Spray-on Flavor
USA Today profiles spray-on flavors, offering a look at some of the 150 squirtable food additives you might find at your local store.
The pump bottles are aimed primarily at dieters who want to add flavor without calories (because herbs and spices are hard to find?), but you’ll soon see candy-flavored sprays to make veggies more appealing, and even organic Pam, the archetypal cooking spray.
Anyone who’s read Fast Food Nation knows that most of the flavor in processed food comes from potent chemical flavorings that the producers add back in, so perhaps this spray-on trend isn’t all that surprising. Why not have broccoli that tastes like Sweet Tarts? Woe betide the pampered kid who then tries to eat broccoli anywhere else. Maybe s/he can carry a little spray pump to flavor the food, sort of the way some gourmets tote their own salt into restaurants.

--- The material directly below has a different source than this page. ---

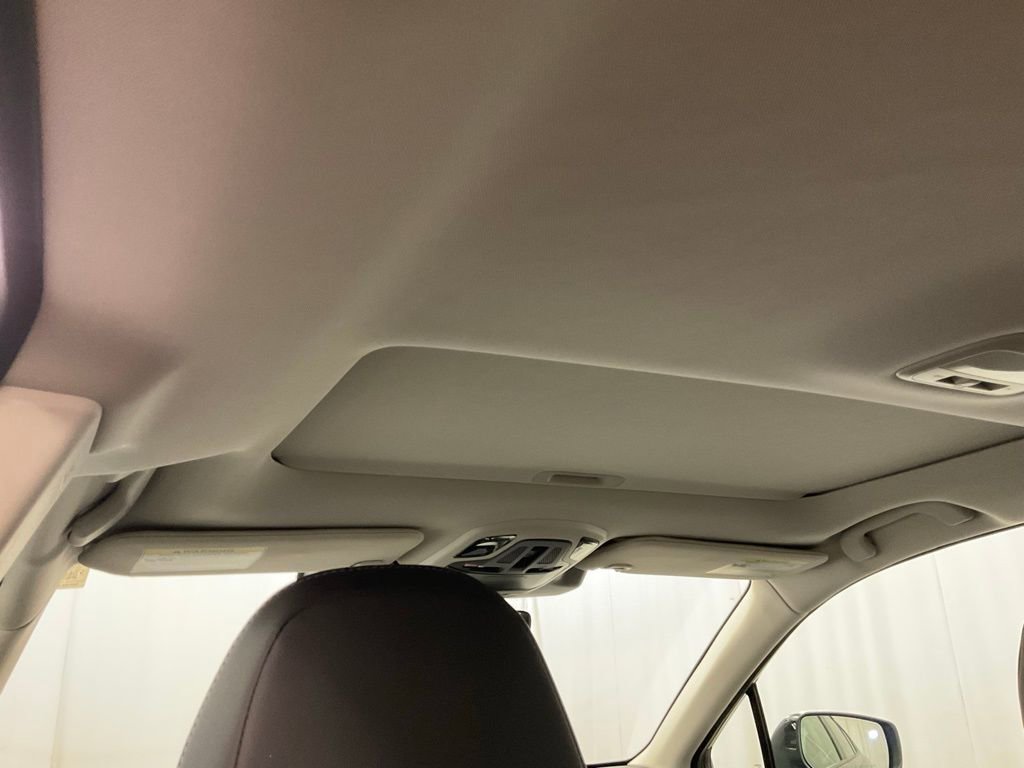 New 2025 Subaru Legacy Touring XT image 24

I personally find these appalling, but isn’t this just the modern form of cooking greens in bacon grease?




It boggles my mind that, at the same instant in time when so many of us are rediscovering real, honest, true foods without additives or unnecessary tweaks, the Food Industry is diverging into fantasyland with frankenflavors and mouth-foolers and utter fabrication.
Like there’s been this massive bifurcation in the evolution of eating, and I fall on the back-to-the-caveman side. I’m tapping on the window that divides me from the bozos in the cage on the other side: “Yoo-hoo! It doesn’t have to be like that!” And they’re throwing SweeTart-sprayed banana peels at me.
Excuse me, I’ve got to go shell some peas now for lunch. I might flavor them with butter.